2. The low-shrinkage stabilized concrete according to claim 1, characterized in that, The calcium source expanding agent is a compound of calcium oxide and calcium sulfoaluminate, and the magnesium source expanding agent is a compound of magnesium oxide and magnesium chloride.
3. The low-shrinkage stabilized concrete according to claim 2, characterized in that, The mass ratio of calcium oxide to calcium sulfoaluminate is 1:(1-3); the mass ratio of magnesium oxide to magnesium chloride is 1:(2-4).
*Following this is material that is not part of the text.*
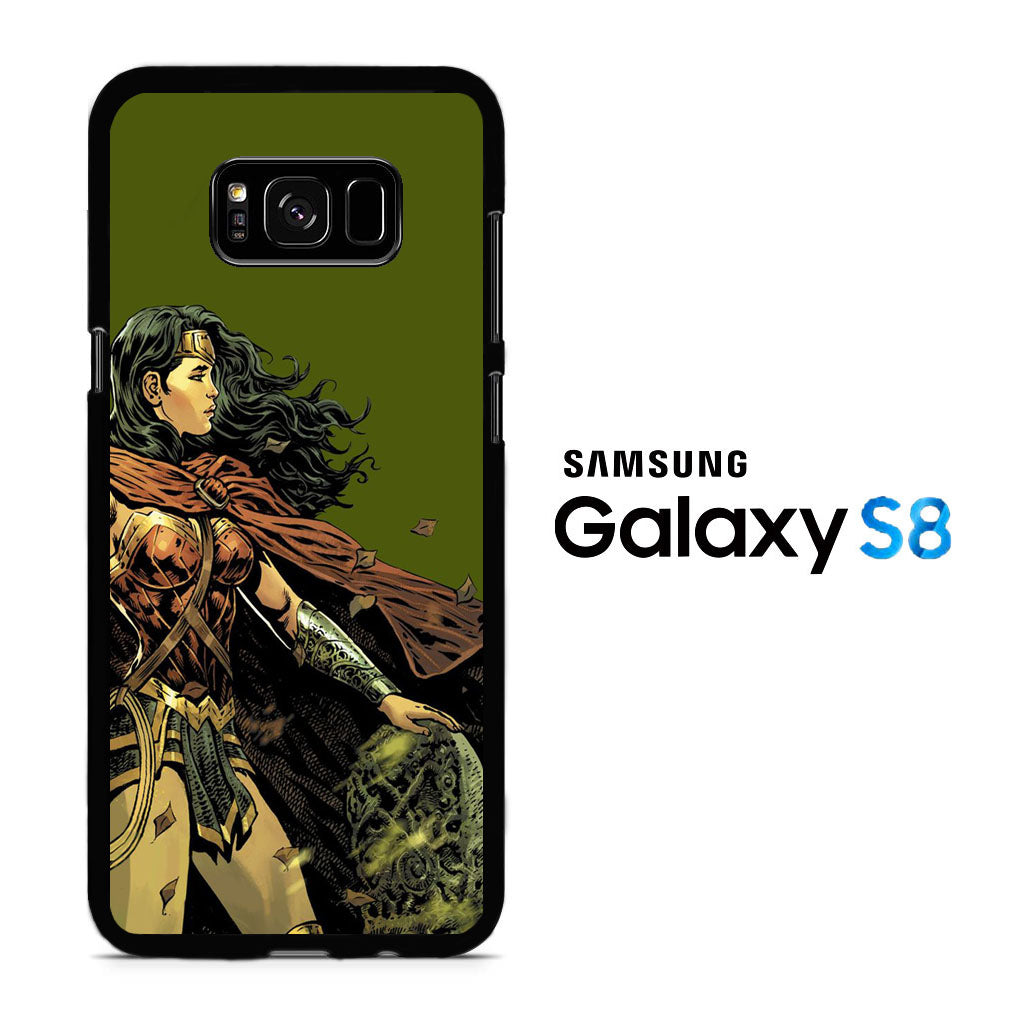 Wonder Woman See Something Samsung Galaxy S8 Case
4. The low-shrinkage stabilized concrete according to claim 1, characterized in that, The modified aggregate is obtained by pre-treating aggregate and then modifying it.
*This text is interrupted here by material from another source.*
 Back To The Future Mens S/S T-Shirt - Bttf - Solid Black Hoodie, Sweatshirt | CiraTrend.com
5. The low-shrinkage stabilized concrete according to claim 4, characterized in that, The aggregate is one or more of stone, mortar, ceramic waste, waste slag and coal gangue, sea stone and sea sand, mixed with construction waste concrete.
6. The low-shrinkage stabilized concrete according to claim 5, characterized in that, The pretreatment involves: pre-crushing the aggregate, sorting out the uncrushable debris, removing waste wood and plastic, and simultaneously performing initial magnetic separation to remove waste iron from the aggregate. After screening, recycled aggregate with an average particle size of 10mm to 20mm is obtained.
7. The low-shrinkage stabilized concrete according to claim 6, characterized in that, The modification process is as follows: the recycled aggregate is soaked in a sodium silicate solution and stirred at a stirring speed of 100 r / min to 120 r / min for 3 h to 5 h, and then soaked in a glacial acetic acid solution and stirred at a stirring speed of 50 r / min to 80 r / min for 20 min to 35 min to obtain the modified aggregate.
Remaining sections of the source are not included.